# Hart, ehrlich, direkt - Toxpack



## Eysenbeiss (24. Oktober 2009)

Aus gegebenem Anlass will ich euch mal mit der Nase auf eine Sparte stoßen, die völlig anders ist als das, was man sonst so aus den Charts kennt und selbst die meisten Internetradios spielen kaum vergleichbares:

www.toxpack.de & http://www.myspace.com/toxpackstreetcore für die üblichen Hörproben.

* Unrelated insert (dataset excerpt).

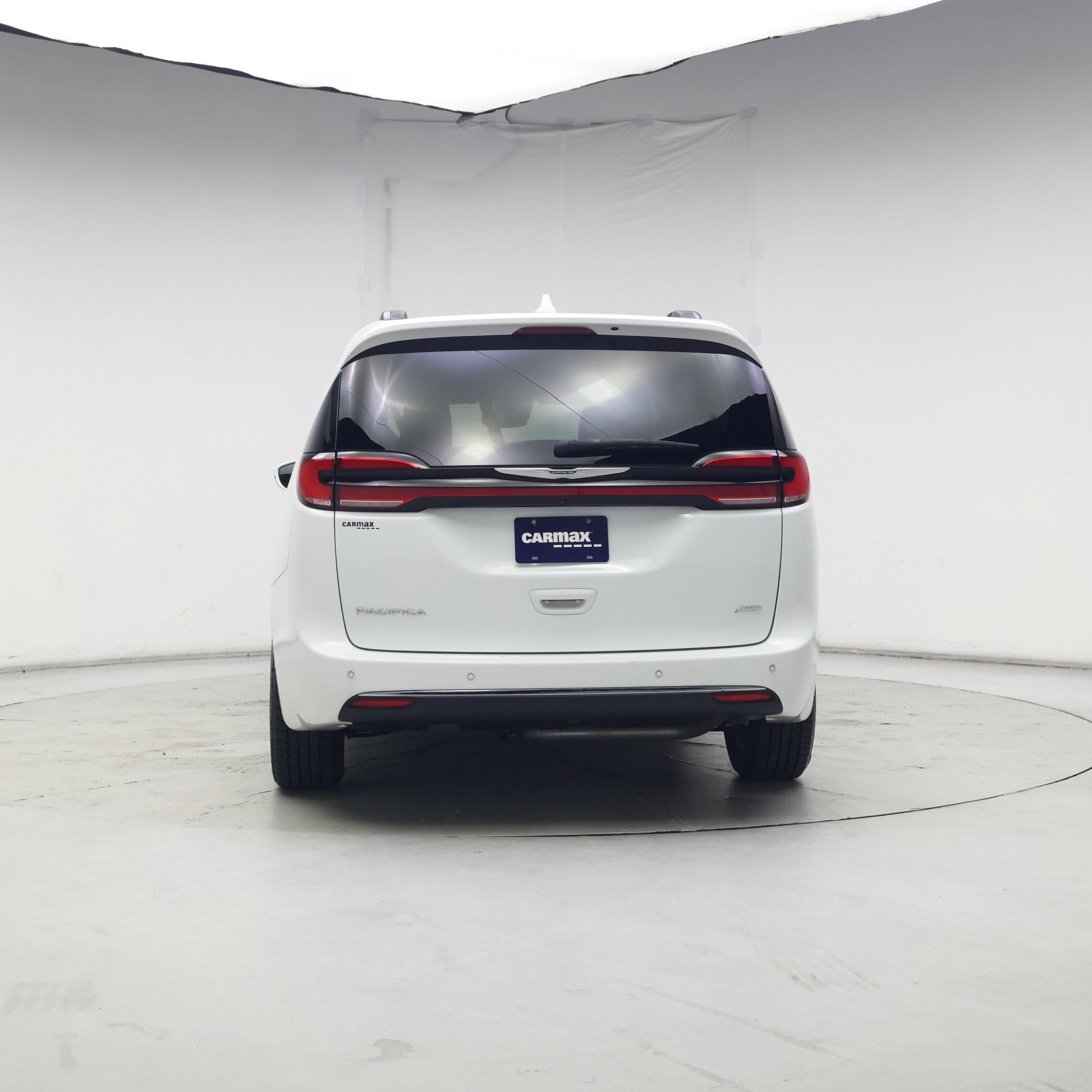 Thumbnail: 2022 Chrysler Pacifica - 6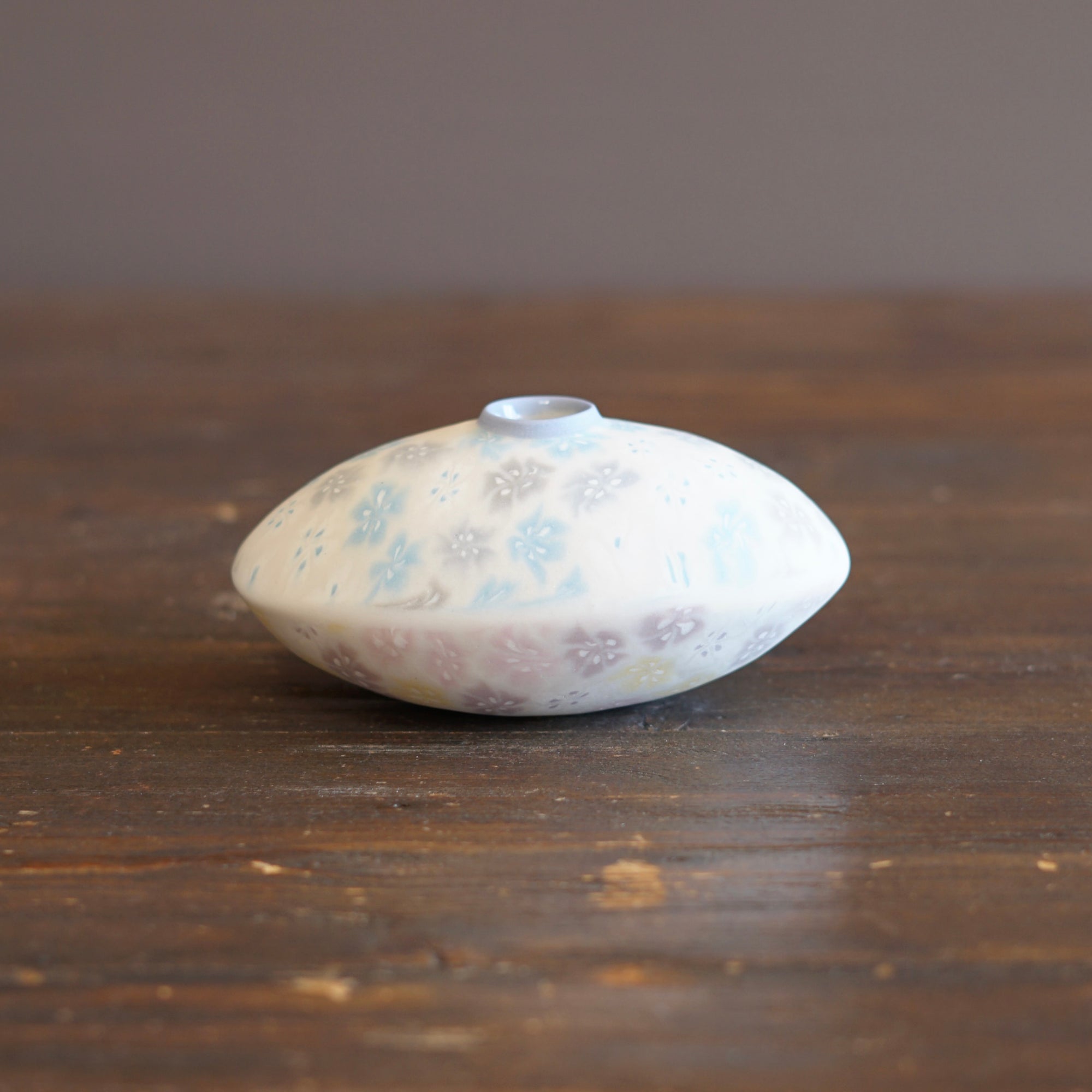 NERIKOMI Bud Vase #EM15A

Die Jungs sind auch nicht erst seit gestern unterwegs und anlässlich des neuen Albums hier mal ein wenig Werbung dafür: Epidemie, 12 Songs vom feinstern und wer noch schnell genug ist, der bekommt sogar noch das Digi-Pack mit einem Bonustrack und Video zum Song "Ohne mich".


----------



## Eysenbeiss (6. November 2009)

Nach 14 Tagen kann man hier mal *pushen* ;-)


----------



## F-S-N (8. November 2009)

Hört sich für mich net neu an.....geht in die richtung onkelz, KC und so....is aber mal net schlecht werd ich mir mal anhören.


----------



## Eysenbeiss (11. November 2009)

F-S-N schrieb:


> Hört sich für mich net neu an.....geht in die richtung onkelz, KC und so....is aber mal net schlecht werd ich mir mal anhören.



Die Band gibts seit 8 Jahren, aber alle machen schon erheblich länger Mucke, Schulle mit den Bierpatrioten sogar recht bekannt.


----------